Только запомни — женщины не знают об этом, и нельзя им про это рассказывать ни в коем случае. Я уже говорил тебе такое раньше, да, Зейде? Уже говорил? Ну, все равно. Это не страшно. Есть вещи, которые можно сказать и дважды. Первый раз ты говоришь, когда только подумал о чем-то, а второй раз, когда понял тоже. А если ты думал, что еврейский Бог как-то старается ради нашей любви, так ты представь себе такую картину: идет эскадрон казаков, скачут кони, шум, пыль, топот, и за тем эскадроном фургон, и в нем еврейка со своим офицером в их шелковой постели. А этот глупый сын мельника, который из-за тех зеленых глаз бегал за каждой коляской и фургоном, бежит и за этим ее фургоном, ну, а тот казачий офицер долго не думал, и, ты меня извини, Зейде, даже не вынув свой шванц из своей еврейки, он оперся — вот так, на одну руку, — а вторую руку с саблей высунул из окна фургона и прямо, не отрываясь от своего дела, одним ударом расколол ему голову, как арбуз, так что мозг выплеснулся на землю вместе со всей его любовью, и с его вопросами, и со всем, что там у него было. Потому что любовь, как я тебе уже сказал, Зейде, она в уме, в голове она, а не в сердце, как в твоем возрасте еще думают и ищут ее там. Ну, а теперь ешь, майн кинд, ешь, моя сирота. Жаль, что твоя мать не здесь и не может нас увидеть — отец и мальчик радуются и кушают вместе. Извини, если я, может быть, перебил тебе аппетит такой майсой. Эс, майн кинд, ешь!
И я ел.
9
Моше Рабинович, тот из моих отцов, который дал мне свою фамилию и завещал свое хозяйство, родился в маленьком городе неподалеку от Одессы. Он был последним ребенком в семье, младшим из семи сыновей.
Его мать, потеряв надежду родить дочь, наряжала своего меньшенького как девочку, отращивала ему длинные волосы, заплетала их в золотистую косу и вплетала в нее синие ленты, и Моше не противился этому.
Он рос в кухне, в окружении женщин и запахов, и годы, проведенные за шитьем и вязаньем, под разговоры служанок и кухарок и в играх с кружевными куклами, превратили его в крупную молчаливую девочку, которая чудесно вышивала гладью и знала, что ей суждено разочаровать свою мать.
И действительно, уже в одиннадцать лет эта Моше, засучив рукава своего кружевного платья, швыряла старшего брата на пол и дубасила его, когда он пытался дергать ее за косу и дразнил «мейделе», то бишь девчонка. А когда этой «мейделе» исполнилось двенадцать, то есть к тому времени, когда у других девочек уже начинают подниматься груди, ее грудная клетка вырастила на себе одни только курчавые побеги. Светлый мужской пушок зазолотился на ее щеках, кадык выдался вперед, голос огрубел, а скрытая мужественность была уже всем очевидна.

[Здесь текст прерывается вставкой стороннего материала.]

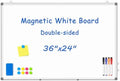 Double-Sided White Board Dry Erase Magnetic Whiteboard Wall 36x24 Silver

Вначале мать сильно обиделась на дочь за ее предательство, но однажды утром, увидев, как та уставилась на задницу служанки, наклонившейся над колодцем, поняла, что в этой обиде так же мало логики, как мало было смысла в ее прежних надеждах. В ночь перед бат-мицвой она прокралась к спящей дочери и отрезала великолепие ее косы. Она положила возле кровати мальчиковый костюм, а одному из возчиков велела научить Моше мочиться стоя.
В ту ночь Моше увидел сон, который никогда не снится девочкам, а наутро проснулся раньше обычного из-за холодка, который ощутил на затылке. Он потрогал там рукой, и неопровержимое прикосновение обрубка косы наполнило его ужасом. Оттуда рука его пространствовала ниже и пощупала между ногами, и запах, который приклеился к кончикам его пальцев, был таким чужим и пугающим, что он спрыгнул с кровати как был, голышом. И поскольку вместо снятого накануне вечером платья он обнаружил у постели лишь новехонькие брюки какого-то чужого мальчика, то прикрыл свое мужское естество двумя руками и с голым задом бросился к матери.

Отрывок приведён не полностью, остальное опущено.